• **TASK GOAL**
The full listing needs to be output exactly.

• **TASK INPUT**
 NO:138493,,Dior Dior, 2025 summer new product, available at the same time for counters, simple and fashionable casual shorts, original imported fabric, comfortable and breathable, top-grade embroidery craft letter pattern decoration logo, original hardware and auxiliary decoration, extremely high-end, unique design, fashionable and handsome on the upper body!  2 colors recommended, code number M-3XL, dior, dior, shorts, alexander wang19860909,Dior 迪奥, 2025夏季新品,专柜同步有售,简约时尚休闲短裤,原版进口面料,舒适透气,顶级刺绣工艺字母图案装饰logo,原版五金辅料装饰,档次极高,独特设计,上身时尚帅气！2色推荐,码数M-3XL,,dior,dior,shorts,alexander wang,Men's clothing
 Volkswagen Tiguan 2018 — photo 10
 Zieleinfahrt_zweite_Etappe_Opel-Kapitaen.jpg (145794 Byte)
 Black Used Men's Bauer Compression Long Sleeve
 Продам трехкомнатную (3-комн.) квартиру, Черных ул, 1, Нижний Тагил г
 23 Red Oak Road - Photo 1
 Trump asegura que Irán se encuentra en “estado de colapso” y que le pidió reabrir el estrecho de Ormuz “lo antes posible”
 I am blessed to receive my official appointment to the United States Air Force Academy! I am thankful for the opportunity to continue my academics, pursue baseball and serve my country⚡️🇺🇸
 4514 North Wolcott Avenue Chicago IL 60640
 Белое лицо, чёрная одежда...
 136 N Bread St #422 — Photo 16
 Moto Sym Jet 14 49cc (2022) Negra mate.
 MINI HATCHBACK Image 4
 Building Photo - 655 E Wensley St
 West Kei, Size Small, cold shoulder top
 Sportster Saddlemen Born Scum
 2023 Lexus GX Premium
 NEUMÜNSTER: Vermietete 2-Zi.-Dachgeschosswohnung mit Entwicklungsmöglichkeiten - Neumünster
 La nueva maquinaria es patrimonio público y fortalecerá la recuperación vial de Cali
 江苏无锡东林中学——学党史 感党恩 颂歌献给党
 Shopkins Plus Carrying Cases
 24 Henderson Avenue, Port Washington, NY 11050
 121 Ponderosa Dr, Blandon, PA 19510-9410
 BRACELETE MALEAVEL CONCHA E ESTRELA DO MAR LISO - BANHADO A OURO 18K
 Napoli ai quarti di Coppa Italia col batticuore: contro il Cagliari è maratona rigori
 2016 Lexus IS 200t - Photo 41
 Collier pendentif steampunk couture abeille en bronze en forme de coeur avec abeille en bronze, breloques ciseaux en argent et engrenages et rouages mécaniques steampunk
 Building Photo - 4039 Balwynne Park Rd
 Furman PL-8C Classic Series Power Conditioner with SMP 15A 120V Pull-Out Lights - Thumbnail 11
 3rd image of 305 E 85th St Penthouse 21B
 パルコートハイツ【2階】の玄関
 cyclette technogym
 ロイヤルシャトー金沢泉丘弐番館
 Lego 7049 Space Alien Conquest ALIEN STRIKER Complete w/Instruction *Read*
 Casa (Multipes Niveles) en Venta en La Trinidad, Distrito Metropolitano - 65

• **SOLUTION TO THIS TASK**
 NO:138493,,Dior Dior, 2025 summer new product, available at the same time for counters, simple and fashionable casual shorts, original imported fabric, comfortable and breathable, top-grade embroidery craft letter pattern decoration logo, original hardware and auxiliary decoration, extremely high-end, unique design, fashionable and handsome on the upper body!  2 colors recommended, code number M-3XL, dior, dior, shorts, alexander wang19860909,Dior 迪奥, 2025夏季新品,专柜同步有售,简约时尚休闲短裤,原版进口面料,舒适透气,顶级刺绣工艺字母图案装饰logo,原版五金辅料装饰,档次极高,独特设计,上身时尚帅气！2色推荐,码数M-3XL,,dior,dior,shorts,alexander wang,Men's clothing
 Volkswagen Tiguan 2018 — photo 10
 Zieleinfahrt_zweite_Etappe_Opel-Kapitaen.jpg (145794 Byte)
 Black Used Men's Bauer Compression Long Sleeve
 Продам трехкомнатную (3-комн.) квартиру, Черных ул, 1, Нижний Тагил г
 23 Red Oak Road - Photo 1
 Trump asegura que Irán se encuentra en “estado de colapso” y que le pidió reabrir el estrecho de Ormuz “lo antes posible”
 I am blessed to receive my official appointment to the United States Air Force Academy! I am thankful for the opportunity to continue my academics, pursue baseball and serve my country⚡️🇺🇸
 4514 North Wolcott Avenue Chicago IL 60640
 Белое лицо, чёрная одежда...
 136 N Bread St #422 — Photo 16
 Moto Sym Jet 14 49cc (2022) Negra mate.
 MINI HATCHBACK Image 4
 Building Photo - 655 E Wensley St
 West Kei, Size Small, cold shoulder top
 Sportster Saddlemen Born Scum
 2023 Lexus GX Premium
 NEUMÜNSTER: Vermietete 2-Zi.-Dachgeschosswohnung mit Entwicklungsmöglichkeiten - Neumünster
 La nueva maquinaria es patrimonio público y fortalecerá la recuperación vial de Cali
 江苏无锡东林中学——学党史 感党恩 颂歌献给党
 Shopkins Plus Carrying Cases
 24 Henderson Avenue, Port Washington, NY 11050
 121 Ponderosa Dr, Blandon, PA 19510-9410
 BRACELETE MALEAVEL CONCHA E ESTRELA DO MAR LISO - BANHADO A OURO 18K
 Napoli ai quarti di Coppa Italia col batticuore: contro il Cagliari è maratona rigori
 2016 Lexus IS 200t - Photo 41
 Collier pendentif steampunk couture abeille en bronze en forme de coeur avec abeille en bronze, breloques ciseaux en argent et engrenages et rouages mécaniques steampunk
 Building Photo - 4039 Balwynne Park Rd
 Furman PL-8C Classic Series Power Conditioner with SMP 15A 120V Pull-Out Lights - Thumbnail 11
 3rd image of 305 E 85th St Penthouse 21B
 パルコートハイツ【2階】の玄関
 cyclette technogym
 ロイヤルシャトー金沢泉丘弐番館
 Lego 7049 Space Alien Conquest ALIEN STRIKER Complete w/Instruction *Read*
 Casa (Multipes Niveles) en Venta en La Trinidad, Distrito Metropolitano - 65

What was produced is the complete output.